Images within the entries are to be omitted; the remainder must be reproduced exactly.

* **Entries shown**
▶

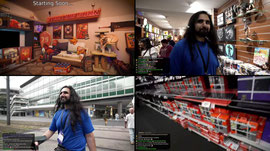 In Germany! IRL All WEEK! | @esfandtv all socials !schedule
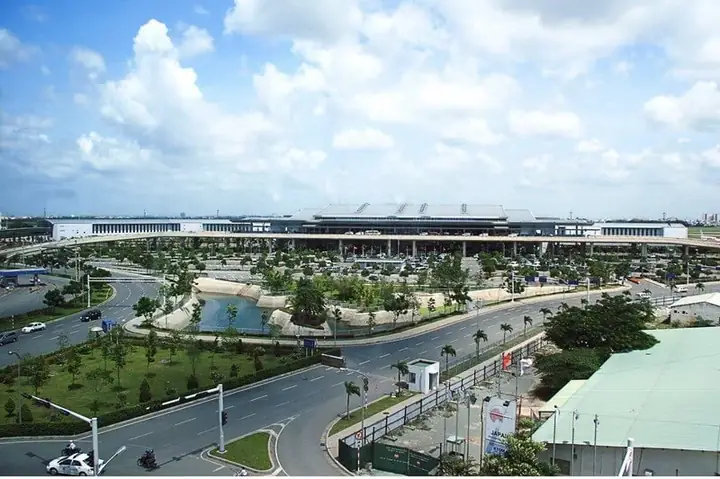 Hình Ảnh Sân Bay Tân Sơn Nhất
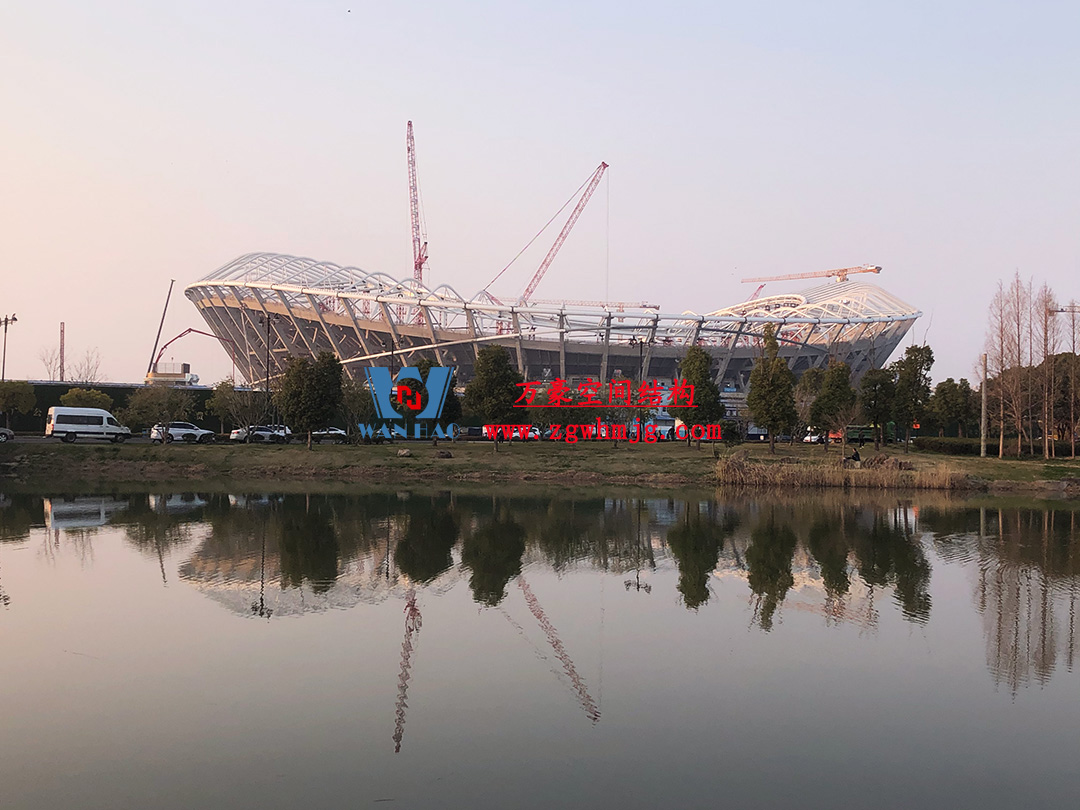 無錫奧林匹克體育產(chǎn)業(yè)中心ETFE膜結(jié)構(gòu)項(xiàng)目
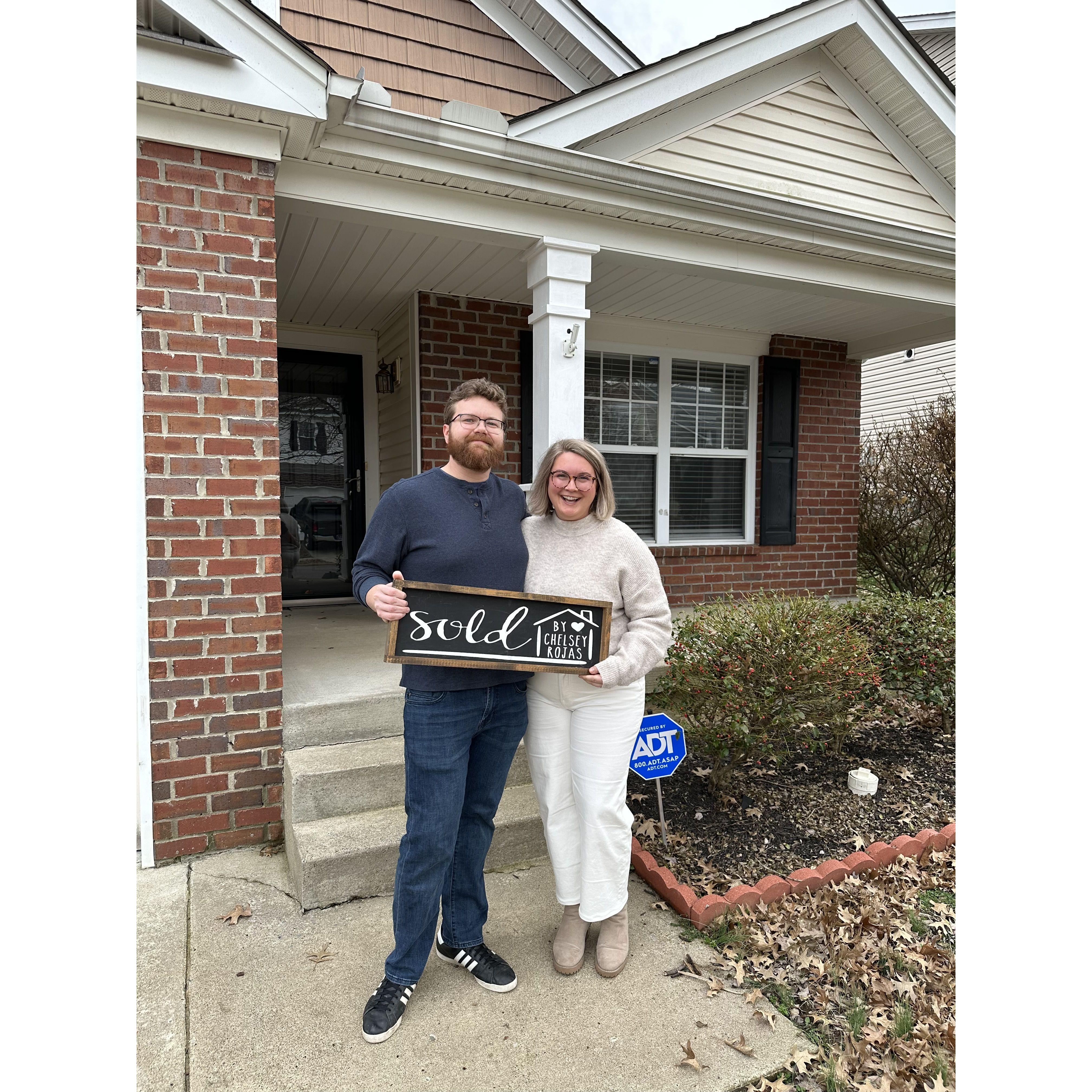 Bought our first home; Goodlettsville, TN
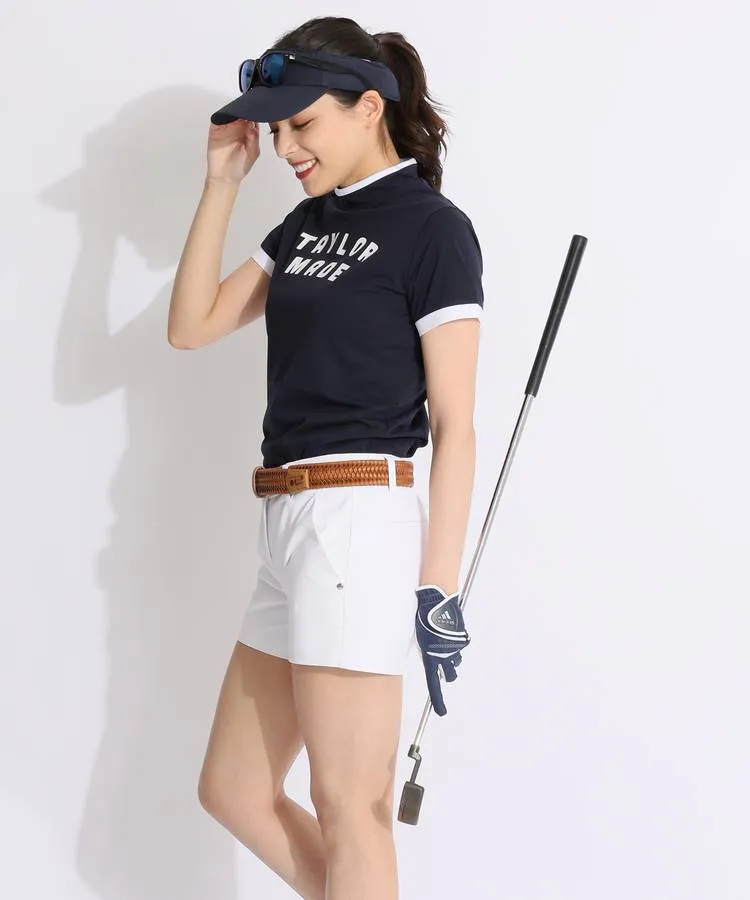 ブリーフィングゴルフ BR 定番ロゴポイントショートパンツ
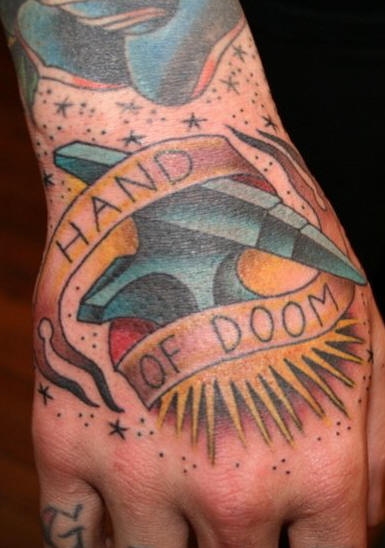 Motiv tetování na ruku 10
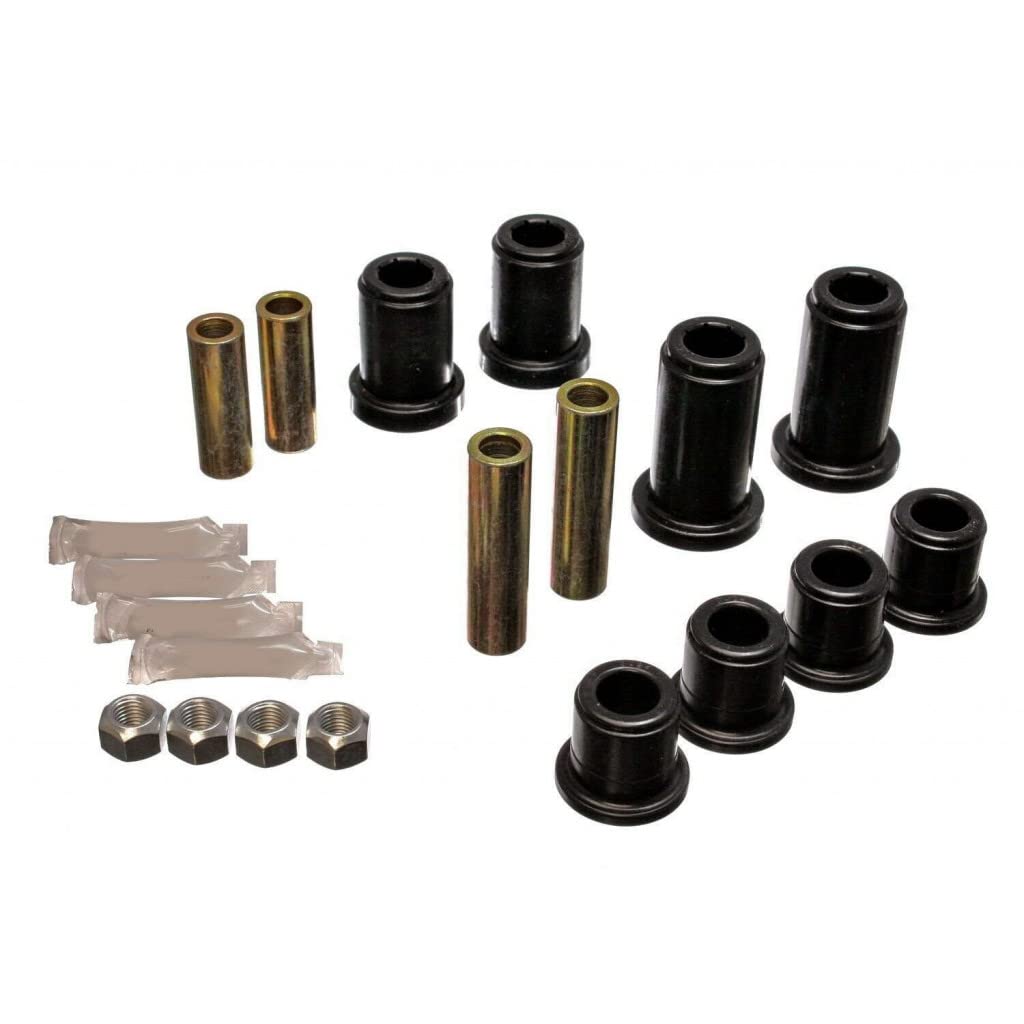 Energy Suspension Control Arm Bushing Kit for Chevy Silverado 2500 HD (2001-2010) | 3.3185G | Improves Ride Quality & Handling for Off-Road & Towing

◀

* **Answer**
 In Germany! IRL All WEEK! | @esfandtv all socials !schedule
 Hình Ảnh Sân Bay Tân Sơn Nhất
 無錫奧林匹克體育產(chǎn)業(yè)中心ETFE膜結(jié)構(gòu)項(xiàng)目
 Bought our first home; Goodlettsville, TN
 ブリーフィングゴルフ BR 定番ロゴポイントショートパンツ
 Motiv tetování na ruku 10
 Energy Suspension Control Arm Bushing Kit for Chevy Silverado 2500 HD (2001-2010) | 3.3185G | Improves Ride Quality & Handling for Off-Road & Towing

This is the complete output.